Résidence virtuelle 2: Emmanuelle Laurent (du 1er janvier au 31 mars 2018)

 aux éditions du frau: "Weg" (collection "Les intempéries du frau", dans coffret n°6)

             "Quoi la musique" (n° 28, collection ordinaire)

"Ventrée" (n° 11, collection Bêtes noires)

"" dans frau(x)

 

Mardi 2 janvier

 

Il est des textes qui occupent longtemps les rêves quand ils sont en écriture puis qui continuent à chantonner juste à côté du point qu'on dit final.

 

Dans le sillage de Quoi la musique (Éditions du frau, 2016):

 

Ce n'est pas le bon prénom. Et ce n'est pas une simple enfant.

C'est rien qui va dans ce qui est dit et dans ce qui reste.

C'est ailleurs, c'est autrefois, c'est du vide et du silence.

Un mort et puis l'autre.

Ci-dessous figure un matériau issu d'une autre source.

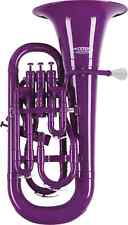 Euphonium plastique violet d'occasion  Expédié en France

Souvenirs de l'autre et absence de l'un.

C'est sans doute de la peur.

 

C'est du chagrin et, par dessus, du plâtre.

 

 

Samedi 6 janvier

 

Plâtre de la fenêtre intérieure à barreaux.

Plâtre du tour de porte ouverte pour la nourriture et l'hygiène. Chaque jour combien de fois?

 

Sacs hurlants posés à dos.

Vent blanc de la colère. Celle qui mord la face de qui approche.

 

Enfants étroits,

toujours étroits,

qui rêvent les rivières où se baigner

et se retournent parfois

sous les regards.

 

 

Vendredi 12 janvier

 

Il faudrait les oublier.

Leur régler leur compte en quelque sorte.

En faire un petit tas

serré.

 

Et puis courir.

 

Mais ils restent là

dans les coins.

Ils attendent

qu'un œil s'ouvre ou une oreille

comme une porte.

Dans l'entrebâillure ils glissent

la main

la voix.

 

Comment leur dire va-t-en ?

 

Il faudrait chanter des chansons qui les feraient rire.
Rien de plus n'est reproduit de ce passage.